Tüm bu hususlar ve olaydan sonra yürürlüğe giren KTK'nın 90. Maddesinde ZMSS genel şartlarına yapılan atıf hükümlerinin Anayasa Mahkemesi tarafından iptal edilmesi birlikte değerlendirildiğinde davalı sigorta şirketinin tedavi giderleri kapsamında olan bakıcı giderinden 2918 sayılı KTK'nın 85.maddesi ve 91. Maddesi, TBK'nın 54. Maddesi gereğince sorumluluğunun devam ettiği her ne kadar zorunlu mali sorumluluk sigortası poliçesi ile sürekli sakatlık ve sürekli bakıcı gideri için tek limitten sorumlu olduğu belirtilmiş ise de Anayasa Mahkemesinin iptal kararı ve KTK'nın 90 ve 95. Maddesi gereğince sigorta sözleşmesinden ve kanundan doğan tazminat yükümlülüğünün kaldırılması ve miktarının azaltılması hallerinin zarar görene karşı ileri süremeyecek olmasına, Yargıtay 4, 10 ve 21 Hukuk Dairelerinin bakıcı giderinin tedavi ve sağlık giderleri teminatında kabul etmesine, zorunlu mali sorumluluk sigortası genel şartlarına atıf yapan KTK.nın 90. Maddesinin iptal edilmesi nedeniyle davalı sigorta şirketinin sağlık gideri ve tedavi giderlerinden sorumlu olmasına, tedavi gideri ve sağlık giderinin kapsamının kanun ve Yargıtay tarafından belirlenmiş olmasına, Hazine Müsteşarlığı tarafından belirlenen ve poliçede bulunması zorunlu olan teminatlardan olan ve poliçede belirtilen, primi de tahsil edilen teminat limitine göre sigorta şirketi tarafından poliçeye yazılarak tahsil ettiği prim karşılığı verdiği teminatları ödemekten kaçınamayacağına göre davacının bakıcı gideri zararından davalı sigorta şirketinin sorumlu tutulmasında bir isabetsizlik görülmemiştir. (Yargıtay 17 Hukuk Dairesinin 2019/6189 E- 2020/8324 K. 2020/2566 E-2021/902 K. Sayılı ilamları)
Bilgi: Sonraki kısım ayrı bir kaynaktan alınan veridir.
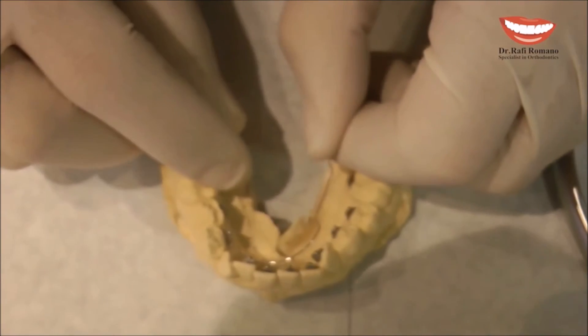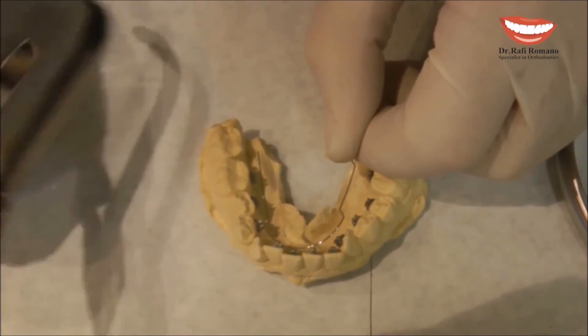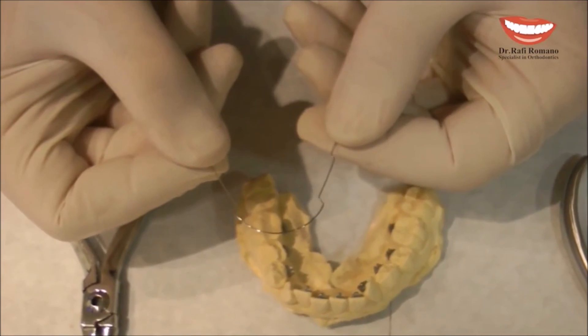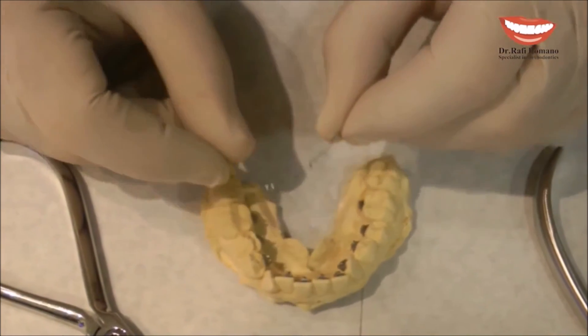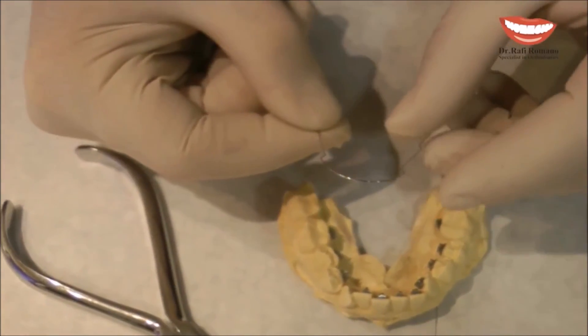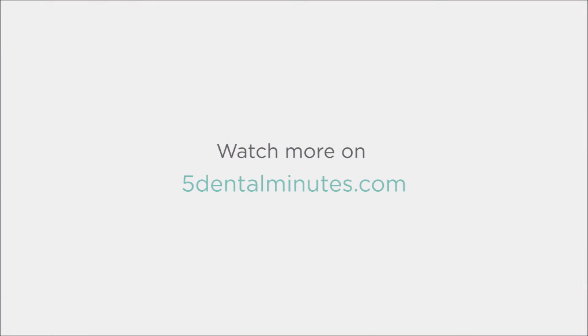The vertical asymmetry band is done by first taking a nice passive mushroom arch wire, with or without the molar band. After we design it, you decide.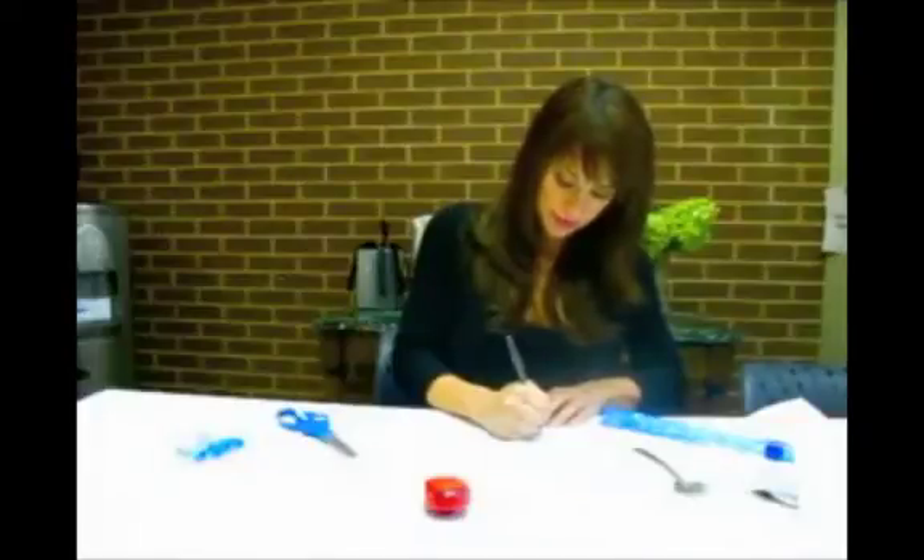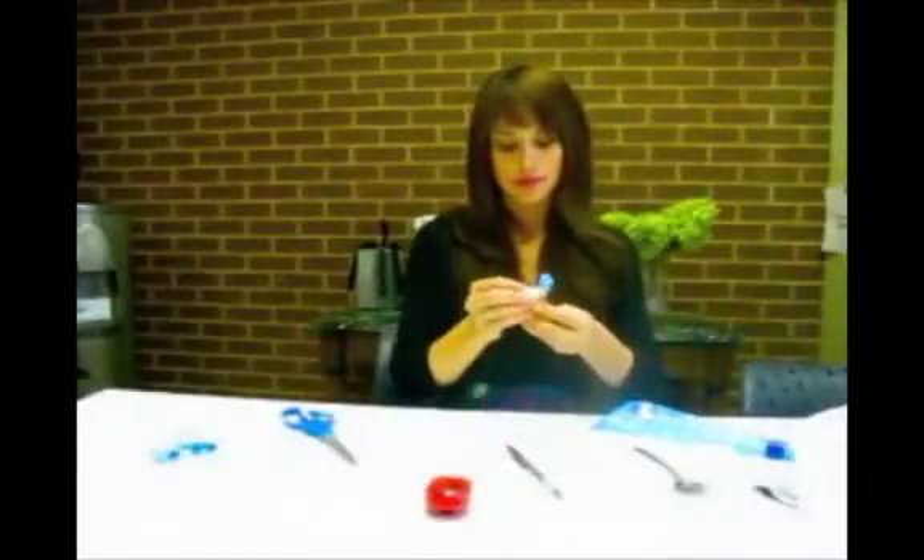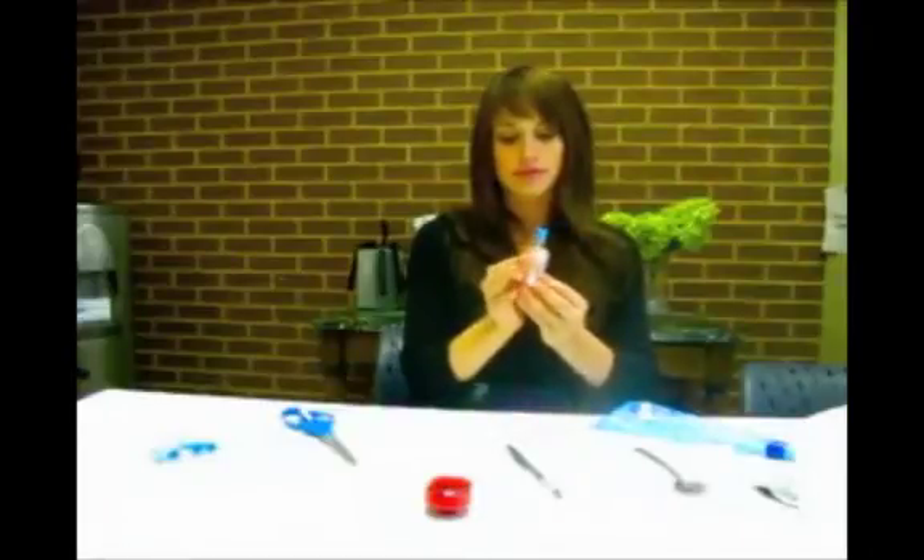Take a moment to write down the requested information on the 6 labels. Then place one of the labels on the first tube.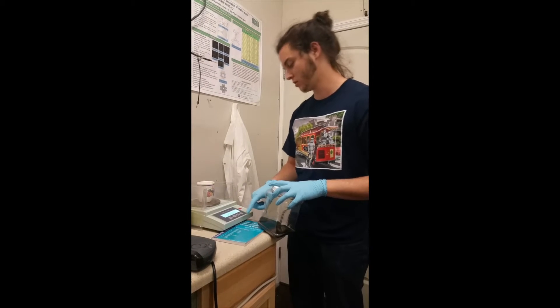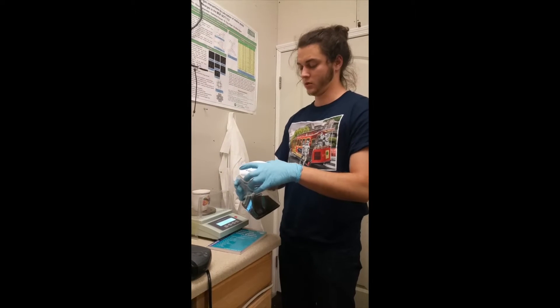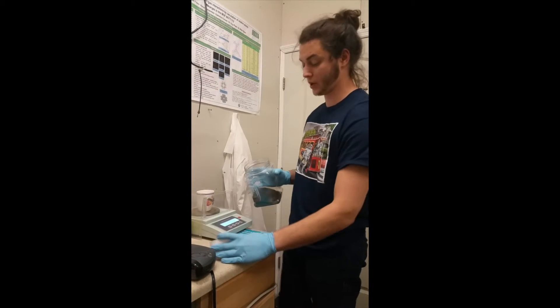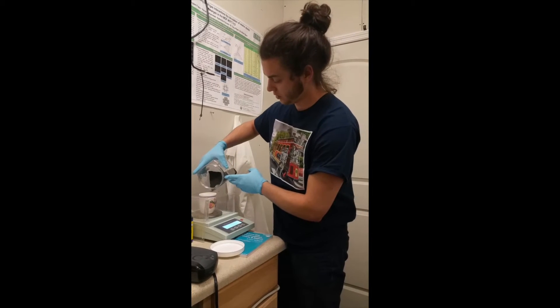I'm going to use my mass balance and measure out roughly 50 grams of the potassium permanganate into the container.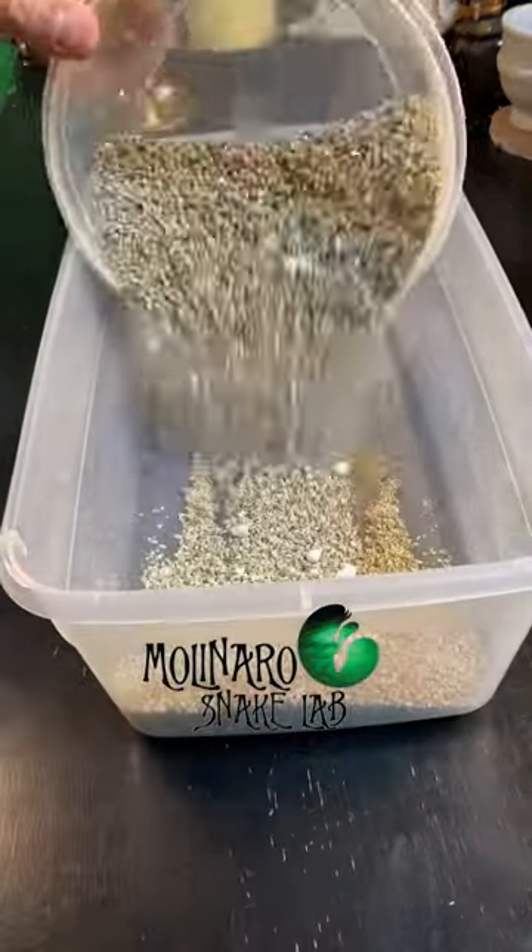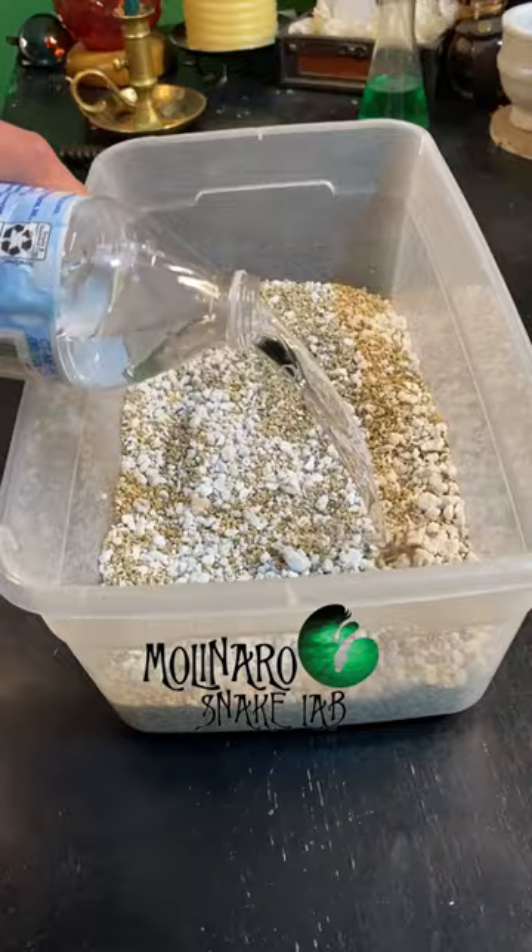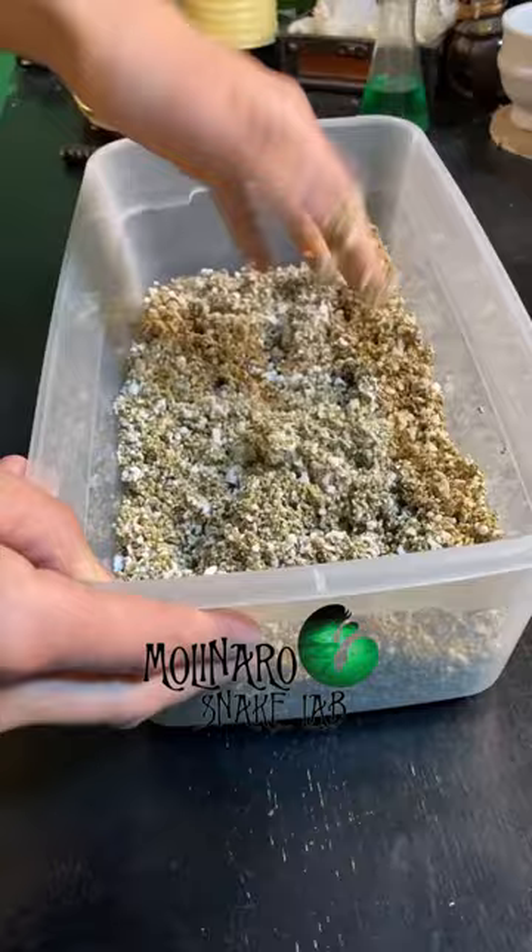Today we're making an egg box for a clutch of eggs that my kingpin ball python just laid. I use a two-to-one mixture of vermiculite to perlite. I find that this mixture creates a substrate that allows the egg box to maintain the proper humidity. You want to add enough water so when you squeeze the substrate with your hands,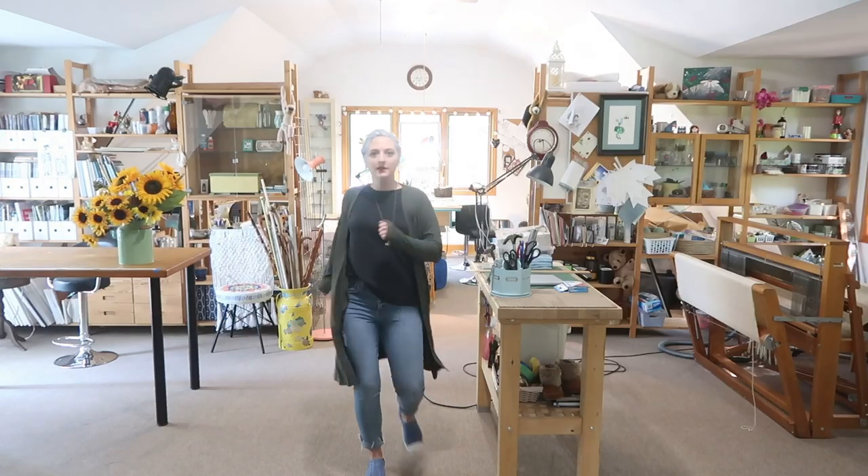We're making over Cali's space, and we're gonna have a lot of fun. Hey guys, welcome back to my channel, The Diaries of DIY Danny.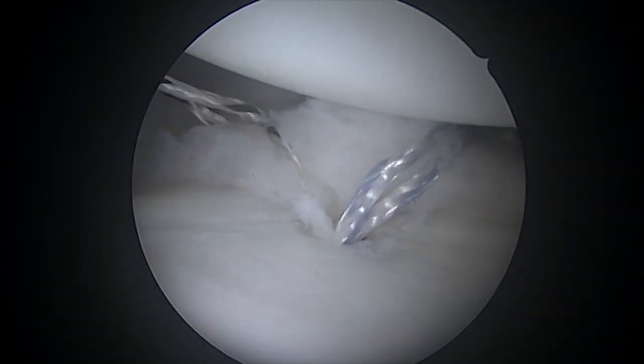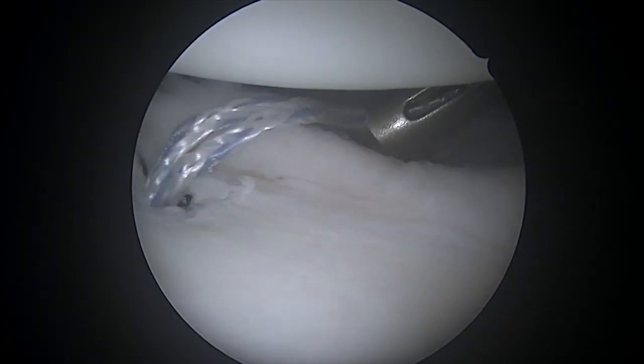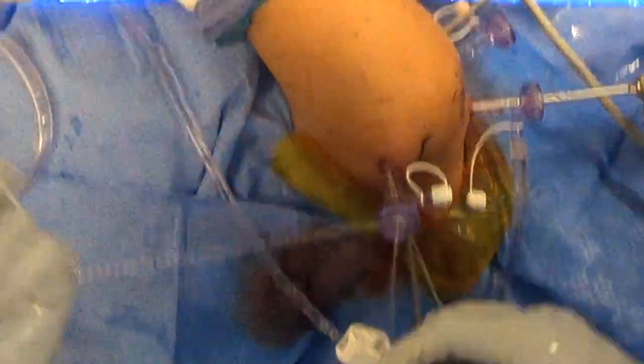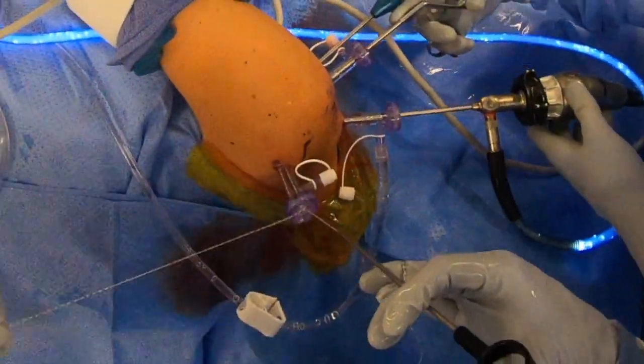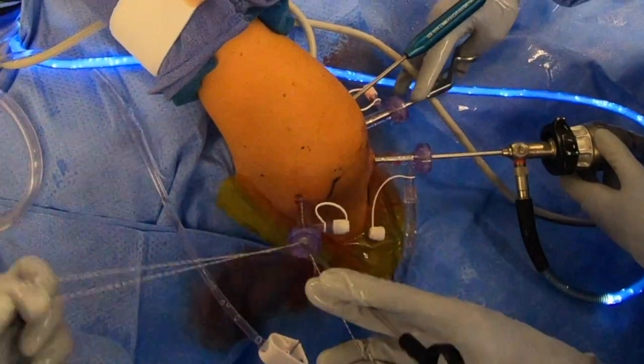You'll see that as I bring this up, it creates this beautiful bumper of tissue that helps to stabilize the shoulder. I also use all double-loaded anchors here, and the benefit is you get more points of fixation in the capsule, more tightening of the capsule for fewer numbers of anchors. That's a real benefit in a procedure like this, where the whole idea is to get more fixation and more tightening of the capsule.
Açıklanan nedenlerle, davalı vekilinin istinaf sebepleri ve kamu düzenine ilişkin hususlar yönünden ilk derece mahkemesinin vakıa ve hukuki değerlendirmesinde usul ve esas yönünden bir hukuka aykırılık görülmediğinden istinaf başvurusunun HMK.nın 353/1.b-1.maddesi gereğince esastan reddine karar vermek gerekmiştir.
HÜKÜM : Gerekçesi yukarıda açıklandığı üzere;
1. Davalı vekilinin istinaf başvurusunun Hukuk Muhakemeleri Kanunu’nun 353/1.b. 1 maddesi gereğince ESASTAN REDDİNE,
2. Harçlar Kanunu gereğince alınması gereken 19.126,80 TL istinaf karar harcından peşin alınan 4.782,00 TL harcın mahsubu ile kalan 14.344,80 TL harcın davalıdan tahsili ile hazineye gelir olarak kaydedilmesine,
3. Başvuran tarafça yapılan istinaf yargılama giderlerinin üzerinde bırakılmasına,
4. Davalı tarafından yatırılan istinaf gider avansından kullanılmayan kısmın HMK'nın 333. maddesi uyarınca karar kesinleştiğinde davalıya iadesine,
5. Karar tebliği ve harç işlemlerinin ilk derece mahkemesince yerine getirilmesine,
Dosya üzerinde yapılan inceleme sonunda, HMK'nın 362/1-a maddesi uyarınca KESİN olmak üzere 31.05.2024 tarihinde oy birliği ile karar verildi.
Başkan
Üye
Üye
Katip
- Bu belge, 5070 sayılı Kanun hükümleri gereğince elektronik imza ile imzalanmıştır.